TASK ITEM ▸ Could you print, exactly and without pictures, only the lines from the one with "découvrez le monde" through the end of the records below?

Image-caption web data ▸
Content starts

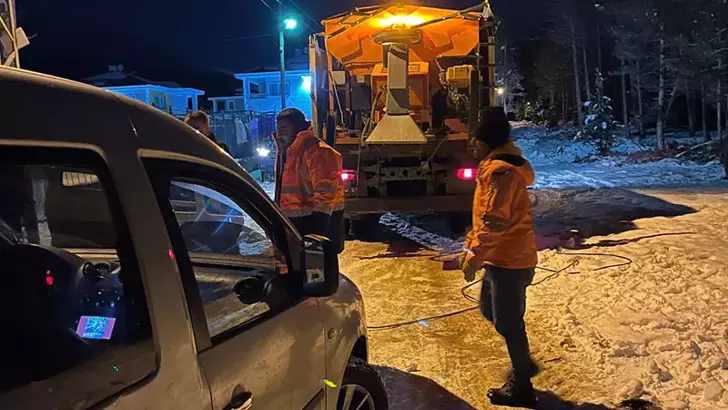 Kara Saplanan Aracı Belediye Ekipleri Kurtardı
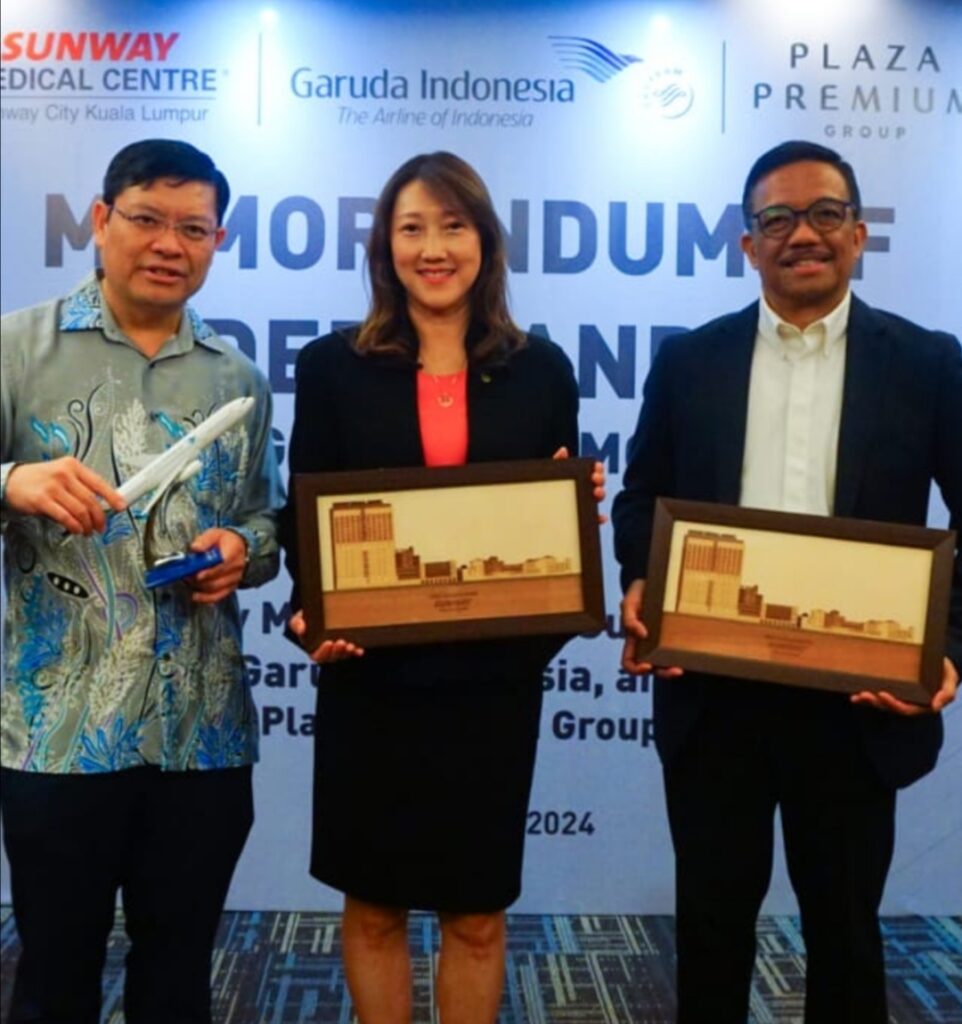 Ki-ka : Dr.Khoo Chow Huat, Direktur Utama Rumah Sakit, dan Kesehatan Sunway Healthcare Group, Becky Lim, Direktur Utama Komersial Plaza Premium Group, Wamildan Tsani, Presiden & CEO Garuda Indonesia hadirkan kolaborasi bakti wellness tourism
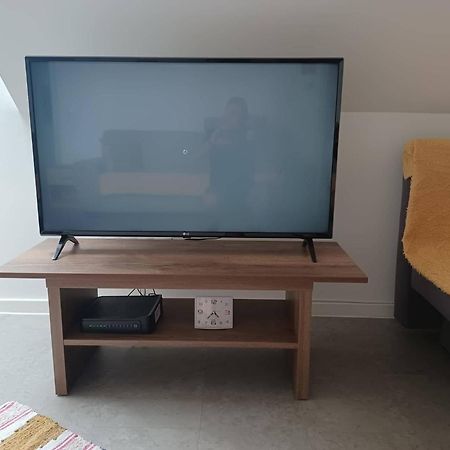 Atkacs Home Győr Eksteriør billede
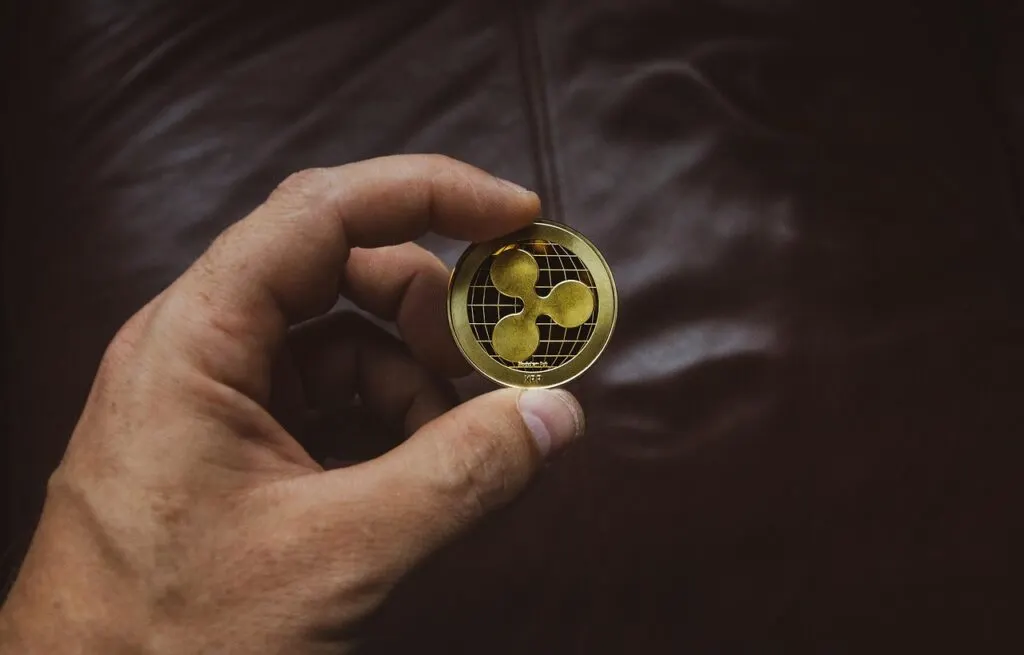 découvrez le monde fascinant des altcoins : apprenez ce que sont ces alternatives aux cryptomonnaies traditionnelles, explorez leurs potentiels d'investissement et restez informé des dernières tendances du marché des cryptos.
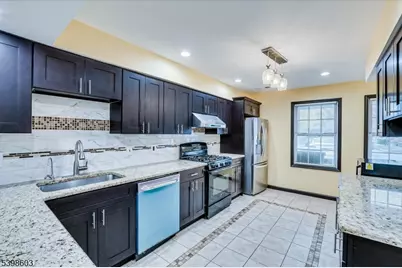 28 Cosgrove Ct, East Brunswick Township, NJ 08816 - Photo 19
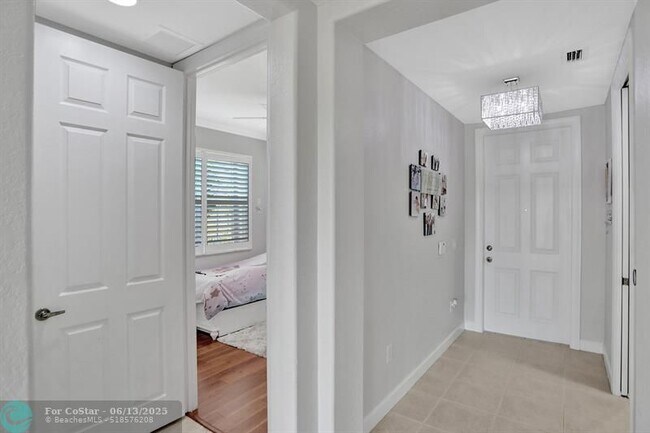 Foto del edificio - 8246 NW 127th Ln
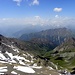 Blick Richtund Westen,ins Burgumerbach mit Sterzinger Hutte(2344m) mit Weißspitze(oder Punta Bianca,2714m) und Stubaier Alpen dahinter, links Kramerspitze(2943m), rechts Großbergspitze(2700m).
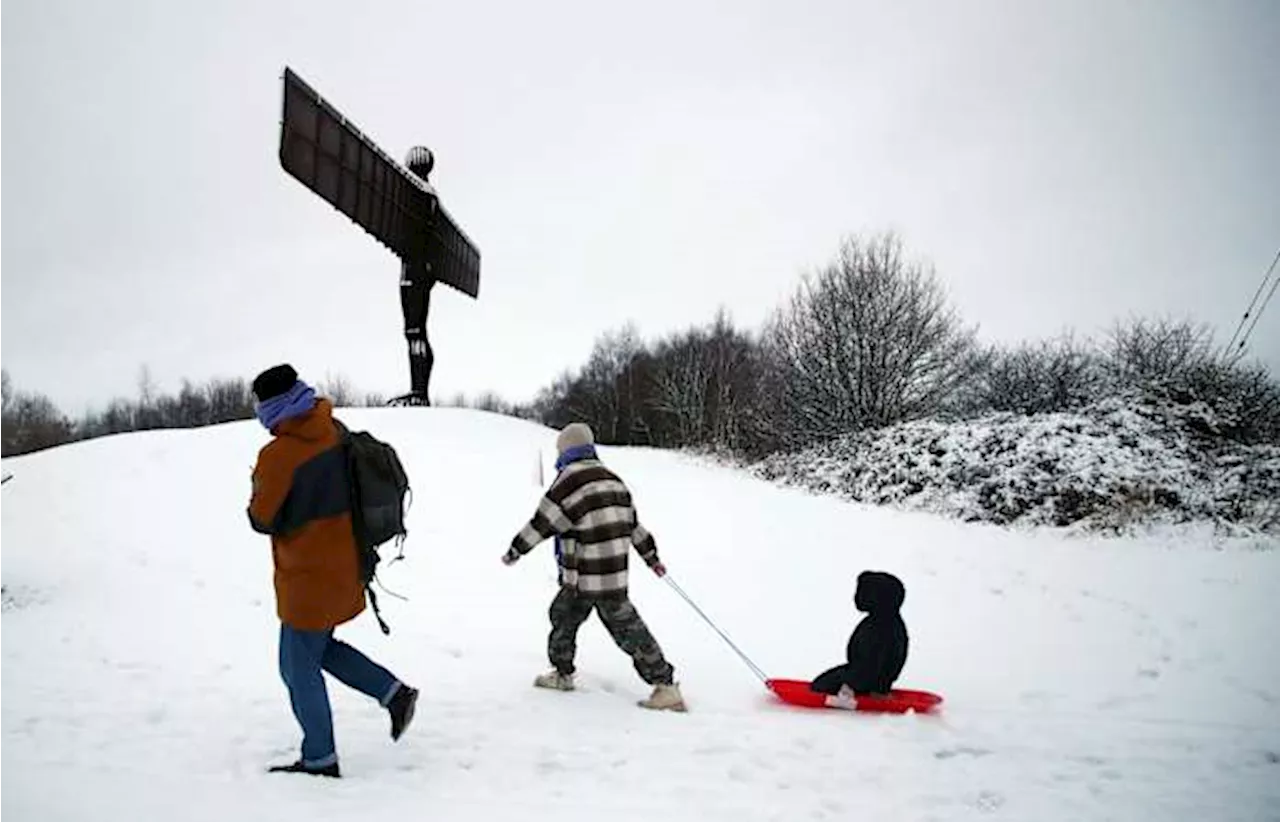 Heavy Snow and Freezing Rain Disrupt UK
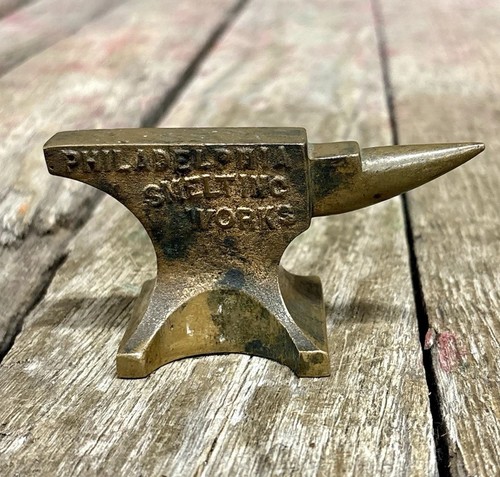Antique bronze mini anvil - antique,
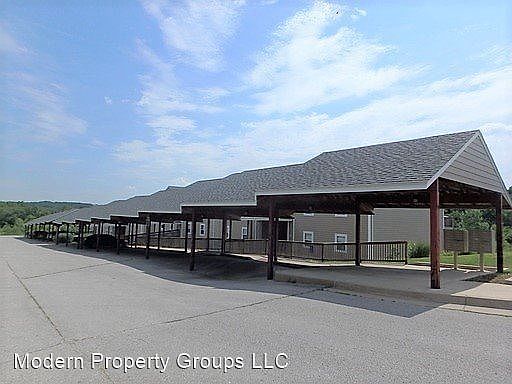 3rd image of 1314 White Oak Ln #203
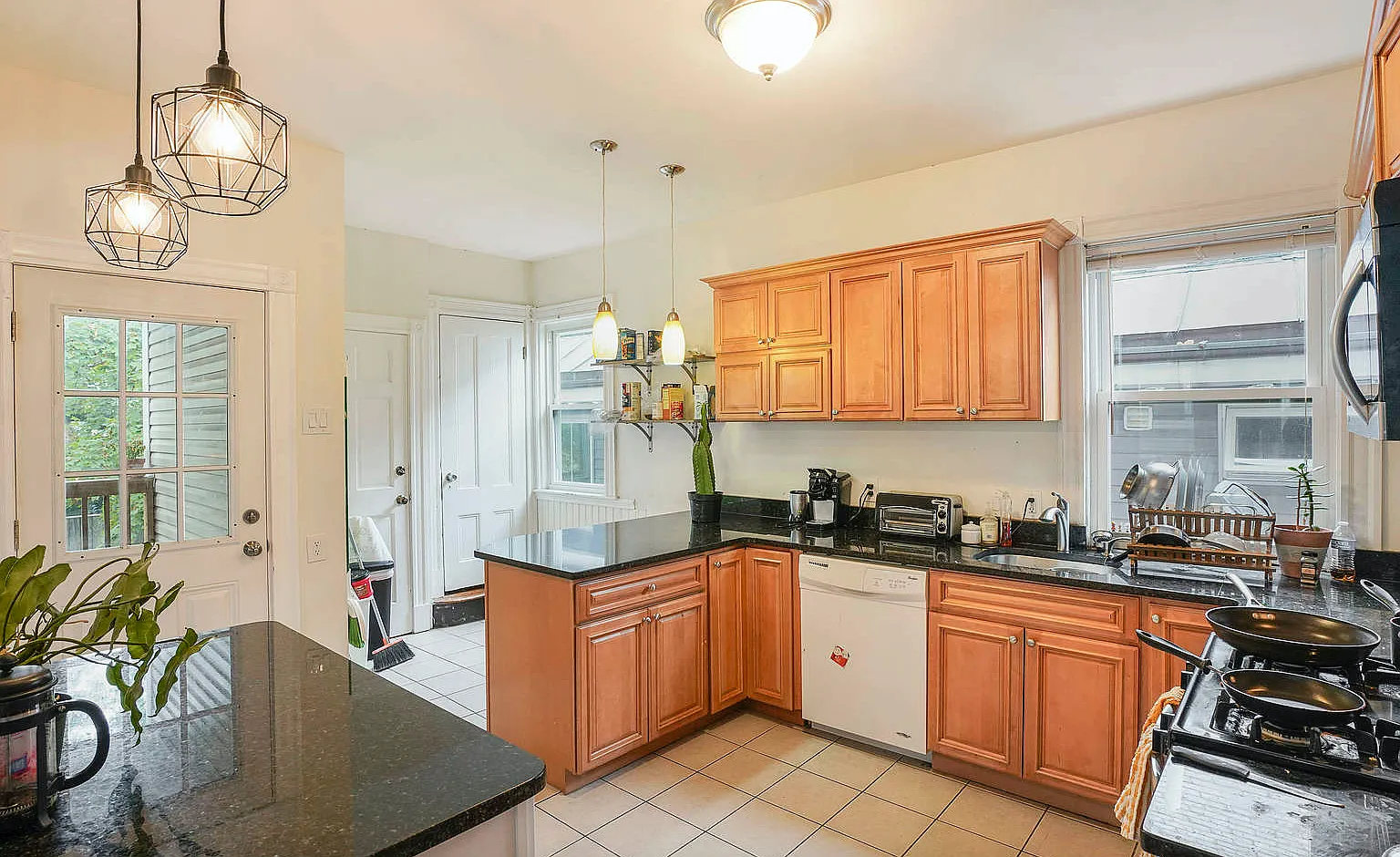 4 bed, 1500 sqft, $6,800 — Photo 2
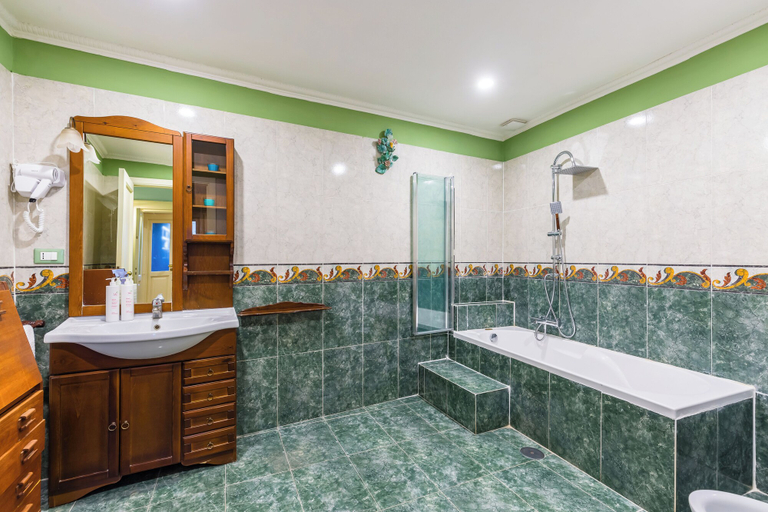 Bathroom 4, Appartamento a Santa Maria La Nova by Wonderful Italy, Napoli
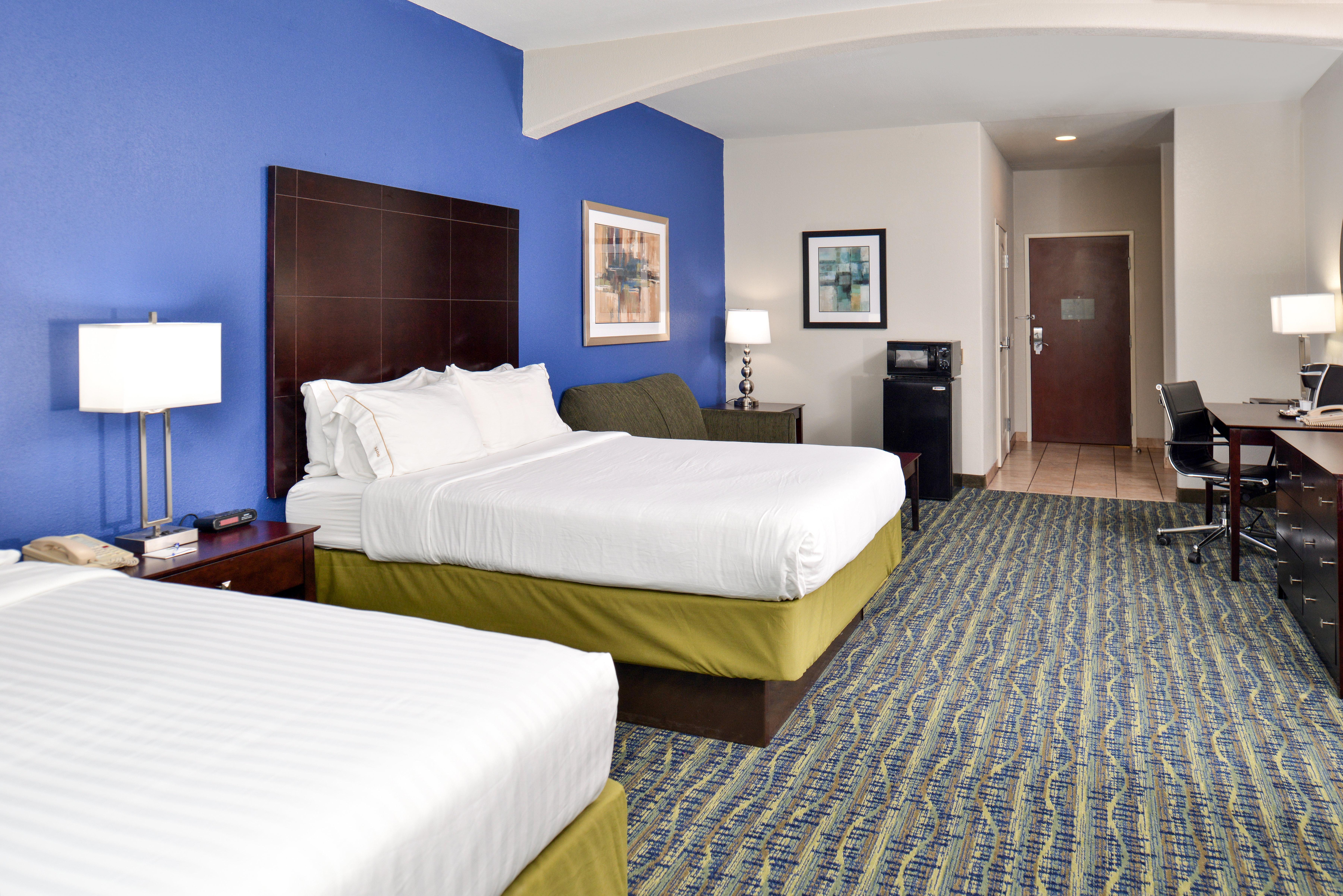 Holiday Inn Express & Suites San Antonio South Bagian luar foto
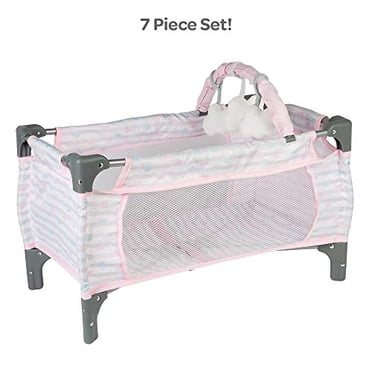 Adora Lit de Bébé Rose de Luxe pour Poupée, Ensemble Pack N Play 7 Pcs pour Poupées jusqu'à 20 Pouces, Lit/parc de Jeu/lit de Bébé, Table à Langer, 3 Nuages et Sac de Rangement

Content ends

REPLY TO THE TASK ▸
 découvrez le monde fascinant des altcoins : apprenez ce que sont ces alternatives aux cryptomonnaies traditionnelles, explorez leurs potentiels d'investissement et restez informé des dernières tendances du marché des cryptos.
 28 Cosgrove Ct, East Brunswick Township, NJ 08816 - Photo 19
 Foto del edificio - 8246 NW 127th Ln
 Blick Richtund Westen,ins Burgumerbach mit Sterzinger Hutte(2344m) mit Weißspitze(oder Punta Bianca,2714m) und Stubaier Alpen dahinter, links Kramerspitze(2943m), rechts Großbergspitze(2700m).
 Heavy Snow and Freezing Rain Disrupt UK
Antique bronze mini anvil - antique,
 3rd image of 1314 White Oak Ln #203
 4 bed, 1500 sqft, $6,800 — Photo 2
 Bathroom 4, Appartamento a Santa Maria La Nova by Wonderful Italy, Napoli
 Holiday Inn Express & Suites San Antonio South Bagian luar foto
 Adora Lit de Bébé Rose de Luxe pour Poupée, Ensemble Pack N Play 7 Pcs pour Poupées jusqu'à 20 Pouces, Lit/parc de Jeu/lit de Bébé, Table à Langer, 3 Nuages et Sac de Rangement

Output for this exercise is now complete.